Olha, um dia eu fui tímida.

Eu sei, você deve estar rindo e desacreditando, mas é verdade.

Eu era tímida que nem você e por isso mesmo você me chamou tanta atenção quando nos conhecemos. Porque você era eu aos 14 anos – só que você já tinha 28…

Com 14 anos me apaixonei perdidamente – pra se apaixonar tem que ser perdidamente – por um rapazinho chamado Duda – já falei nele em outro texto, o do meu primeiro beijo.

Pois bem.

Mesmo depois que nos afastamos, eu continuei a gostar do Duda por um tempão. Aí, vieram os Jogos Estudantis e eu resolvi assistir a todos os jogos dele – e torcer por ele, claro – mesmo ele sendo de outro colégio que não o meu.

Eu ia aos ginásios, via os jogos, torcia pelo colégio alheio, o Duda me via, mas logo que terminava o jogo eu ia embora.

Até que chegou o dia dele jogar contra o time do colégio onde eu estudava. Foi terrível. O placar foi 120 a 20 pro meu colégio, mesmo eu torcendo muito pelo colégio do Duda.

Foi a única vez que, terminado o jogo, me aproximei do Duda, na arquibancada. Fiquei lá, parada, sentada ao lado dele, sem dizer nada diante da cara triste que ele fazia.

Quando cheguei em casa escrevi uma carta, dizendo o quanto lamentava pela derrota e o quanto queria ter dado um abraço grande nele após o jogo.

Passou um tempo e um dia resolvi entregar não só essa, mas todas as outras cartas que escrevia e guardava – fora os poemas de um certo caderno preto… Se eu tivesse quatorze anos hoje, escreveria tudo em um blog!

Depois de ler tudo, o Duda conversou comigo e a coisa mais marcante desse papo ao telefone foi ele dizendo que eu deveria ter dado aquele abraço no dia do jogo, porque ele bem que precisava naquela hora.

Me lembro com nitidez de ter me sentido a garota mais puramente idiota do mundo inteiro naquele momento.

E me lembro de, dali em diante, nunca mais ter deixado passar nada que me desse vontade real.

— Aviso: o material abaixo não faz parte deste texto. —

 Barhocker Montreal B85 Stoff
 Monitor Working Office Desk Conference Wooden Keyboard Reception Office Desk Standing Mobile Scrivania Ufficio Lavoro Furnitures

Hoje é engraçado ver você estranhar o meu jeito atirado, o meu jeito sem jeito de gritar todo esse amor que eu sinto por você, mas saiba que eu te amo porque você, ainda hoje, tem essa timidez que eu tinha aos 14 anos.

E se eu não tivesse deixado de lado a minha timidez seria bem provável que até hoje você não soubesse do que sinto e que um monte de cartas – hoje em dia mails, né? – se acumulassem mais uma vez em minhas gavetas.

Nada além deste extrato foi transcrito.